The Mechanics underlying the Specification
Automatic semicolon insertion (ASI for short) is with us in ES5 and it will continue accompanying us in ES6, so an understanding of how this mechanism operates is beneficial. This article maps out the operations our parsers are performing when we include and don't include semicolons. The rules for ASI are described in section 7.9 of the ES5.1 standard, and we will examine these rules laid out in this particular version since ES6 is still in draft phase.
The three basic rules for ASI are most accurately stated in section 7.9.1:
1. When, as the program is parsed from left to right, a token (called the offending token) is encountered that is not allowed by any production of the grammar, then a semicolon is automatically inserted before the offending token if one or more of the following conditions is true:
The offending token is separated from the previous token by at least one LineTerminator.
The offending token is }.
2. When, as the program is parsed from left to right, the end of the input stream of tokens is encountered and the parser is unable to parse the input token stream as a single complete ECMAScript Program, then a semicolon is automatically inserted at the end of the input stream.
3. When, as the program is parsed from left to right, a token is encountered that is allowed by some production of the grammar, but the production is a restricted production and the token would be the first token for a terminal or nonterminal immediately following the annotation “[no LineTerminator here]” within the restricted production (and therefore such a token is called a restricted token), and the restricted token is separated from the previous token by at least one LineTerminator, then a semicolon is automatically inserted before the restricted token.

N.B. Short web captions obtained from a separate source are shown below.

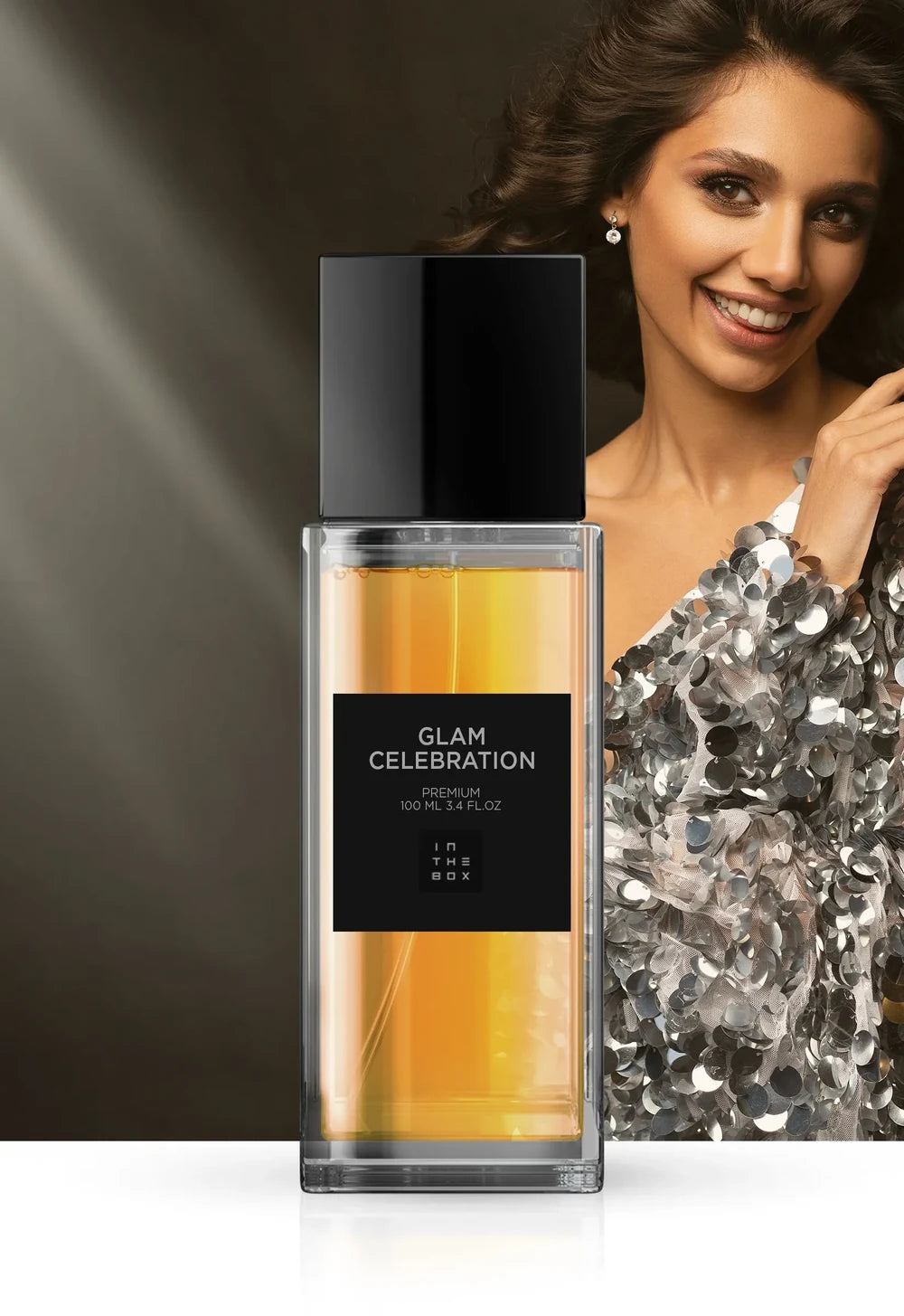 Frasco do perfume Glam Celebration 100ml da In The Box.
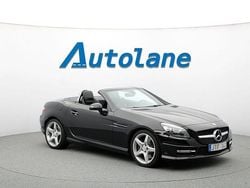Obsidiansvart metallic Begagnad 2011 Mercedes SLK250 AMG Cab | 259 900 kr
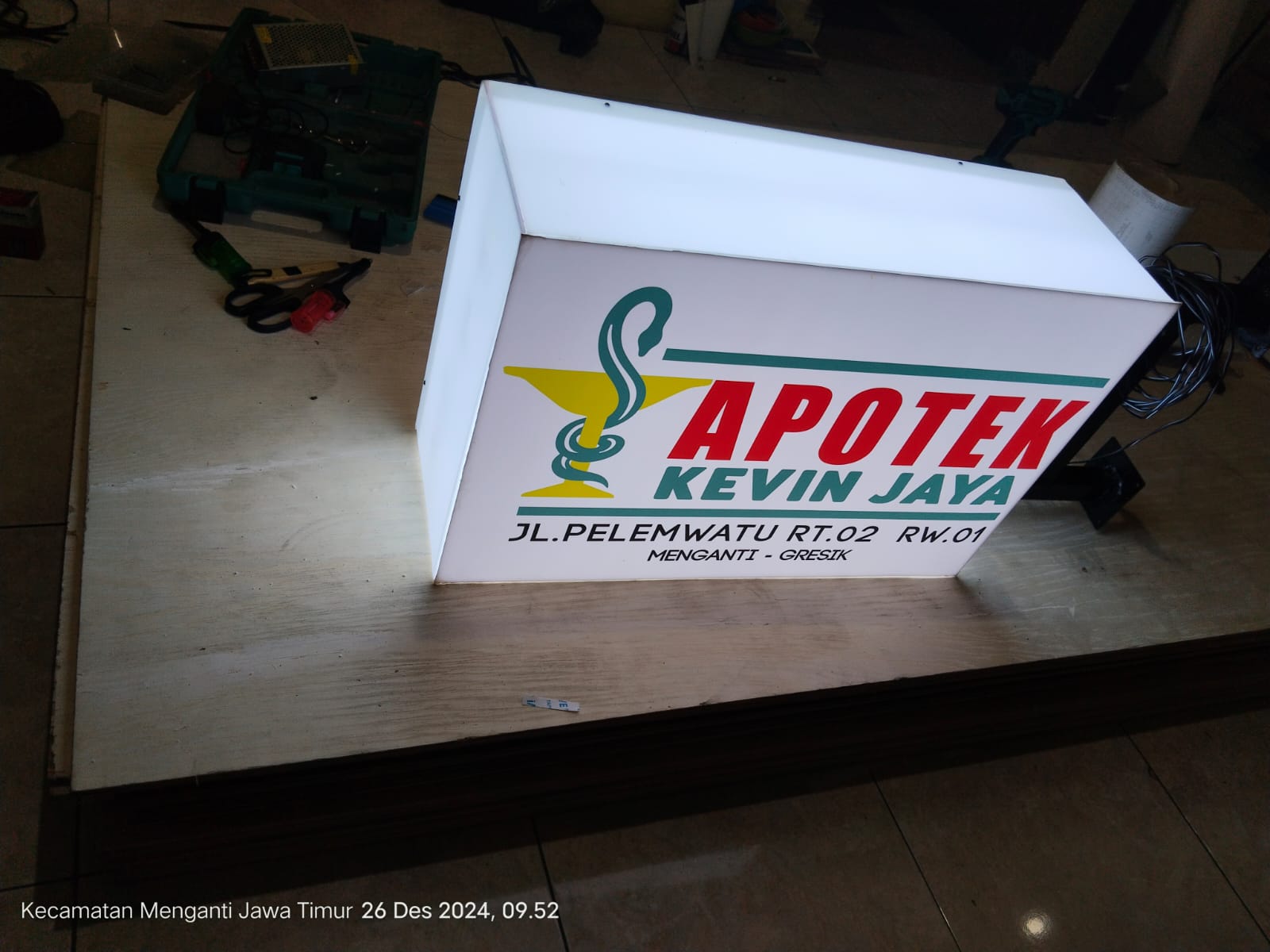 NEON BOX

Let's look at the steps an ES compliant parser might take when encountering the following code:
var one = 1 console.log(one)
A given here is that the variable expression has already been parsed. The beginning of the console.log statement meets the first criteria in Rule 1 when the offending token, c, is encountered. As the parser follows the first rule of semicolon insertion and checks to see if the character is preceded by a new line break1, it discovers this is the case, and so it inserts a semicolon after the preceding token, which is 1, and continues forward. Now let's look at how simple it becomes when a semicolon is included:
var one = 1; console.log(one);
It just parses another token, the semicolon, which correctly closes the statement, as the parser intended, and carries onward. The following more complex example should help in furthering our understanding on the very different paths the parser may traverse:
return; a + b;
return a + b
Not only might an error in logic go unnoticed, but leaving out the semicolon clearly isn't the shortest path. At the minimum, the parser has to process three boolean statements and a function call for insertion of a semicolon, which itself is adding to the complexity. In the most extreme case (shown above), you are looking at three more boolean checks for a total of six moves and finally a semicolon insertion function call. Additionally, there's an overriding condition for all the rules:
...a semicolon is never inserted automatically if the semicolon would then be parsed as an empty statement or if that semicolon would become one of the two semicolons in the header of a for statement (see 12.6.3).
I hope this provides a solid reference on the underlying machinery behind ASI.
1 Named the line feed character in table 3 of chapter 7, section 3.